EXERCISE MATERIALS ::
<<<<

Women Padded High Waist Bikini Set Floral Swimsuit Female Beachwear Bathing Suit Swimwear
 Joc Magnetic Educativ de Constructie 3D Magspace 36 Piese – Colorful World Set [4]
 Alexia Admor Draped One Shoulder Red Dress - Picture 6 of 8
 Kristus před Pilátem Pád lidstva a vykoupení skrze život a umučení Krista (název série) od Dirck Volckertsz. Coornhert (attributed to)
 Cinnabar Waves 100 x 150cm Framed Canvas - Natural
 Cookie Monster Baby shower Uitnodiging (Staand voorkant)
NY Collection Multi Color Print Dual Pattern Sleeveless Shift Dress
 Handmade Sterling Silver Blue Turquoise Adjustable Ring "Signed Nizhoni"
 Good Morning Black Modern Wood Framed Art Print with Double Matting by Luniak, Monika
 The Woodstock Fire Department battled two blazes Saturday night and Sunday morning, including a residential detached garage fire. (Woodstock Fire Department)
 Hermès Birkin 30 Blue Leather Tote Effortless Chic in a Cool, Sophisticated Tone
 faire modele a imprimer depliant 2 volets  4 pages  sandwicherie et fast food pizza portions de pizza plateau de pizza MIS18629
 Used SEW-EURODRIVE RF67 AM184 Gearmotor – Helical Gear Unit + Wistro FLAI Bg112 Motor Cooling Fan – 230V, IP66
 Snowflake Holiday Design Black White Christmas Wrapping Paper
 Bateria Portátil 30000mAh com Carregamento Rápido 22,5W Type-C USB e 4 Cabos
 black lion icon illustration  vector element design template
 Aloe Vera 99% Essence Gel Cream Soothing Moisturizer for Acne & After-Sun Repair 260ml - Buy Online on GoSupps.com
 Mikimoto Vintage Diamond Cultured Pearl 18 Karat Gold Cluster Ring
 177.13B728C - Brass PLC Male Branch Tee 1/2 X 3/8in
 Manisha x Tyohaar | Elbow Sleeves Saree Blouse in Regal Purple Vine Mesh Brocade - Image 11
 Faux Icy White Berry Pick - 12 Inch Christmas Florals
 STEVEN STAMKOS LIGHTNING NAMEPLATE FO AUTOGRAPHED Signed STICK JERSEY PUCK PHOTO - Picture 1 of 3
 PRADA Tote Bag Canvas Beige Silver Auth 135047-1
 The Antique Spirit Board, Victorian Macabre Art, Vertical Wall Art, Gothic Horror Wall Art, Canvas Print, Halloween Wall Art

>>>>

WORK ITEM ::
The listing is to be given again exactly, line for line.

ANSWER BOX ::
Women Padded High Waist Bikini Set Floral Swimsuit Female Beachwear Bathing Suit Swimwear
 Joc Magnetic Educativ de Constructie 3D Magspace 36 Piese – Colorful World Set [4]
 Alexia Admor Draped One Shoulder Red Dress - Picture 6 of 8
 Kristus před Pilátem Pád lidstva a vykoupení skrze život a umučení Krista (název série) od Dirck Volckertsz. Coornhert (attributed to)
 Cinnabar Waves 100 x 150cm Framed Canvas - Natural
 Cookie Monster Baby shower Uitnodiging (Staand voorkant)
NY Collection Multi Color Print Dual Pattern Sleeveless Shift Dress
 Handmade Sterling Silver Blue Turquoise Adjustable Ring "Signed Nizhoni"
 Good Morning Black Modern Wood Framed Art Print with Double Matting by Luniak, Monika
 The Woodstock Fire Department battled two blazes Saturday night and Sunday morning, including a residential detached garage fire. (Woodstock Fire Department)
 Hermès Birkin 30 Blue Leather Tote Effortless Chic in a Cool, Sophisticated Tone
 faire modele a imprimer depliant 2 volets  4 pages  sandwicherie et fast food pizza portions de pizza plateau de pizza MIS18629
 Used SEW-EURODRIVE RF67 AM184 Gearmotor – Helical Gear Unit + Wistro FLAI Bg112 Motor Cooling Fan – 230V, IP66
 Snowflake Holiday Design Black White Christmas Wrapping Paper
 Bateria Portátil 30000mAh com Carregamento Rápido 22,5W Type-C USB e 4 Cabos
 black lion icon illustration  vector element design template
 Aloe Vera 99% Essence Gel Cream Soothing Moisturizer for Acne & After-Sun Repair 260ml - Buy Online on GoSupps.com
 Mikimoto Vintage Diamond Cultured Pearl 18 Karat Gold Cluster Ring
 177.13B728C - Brass PLC Male Branch Tee 1/2 X 3/8in
 Manisha x Tyohaar | Elbow Sleeves Saree Blouse in Regal Purple Vine Mesh Brocade - Image 11
 Faux Icy White Berry Pick - 12 Inch Christmas Florals
 STEVEN STAMKOS LIGHTNING NAMEPLATE FO AUTOGRAPHED Signed STICK JERSEY PUCK PHOTO - Picture 1 of 3
 PRADA Tote Bag Canvas Beige Silver Auth 135047-1
 The Antique Spirit Board, Victorian Macabre Art, Vertical Wall Art, Gothic Horror Wall Art, Canvas Print, Halloween Wall Art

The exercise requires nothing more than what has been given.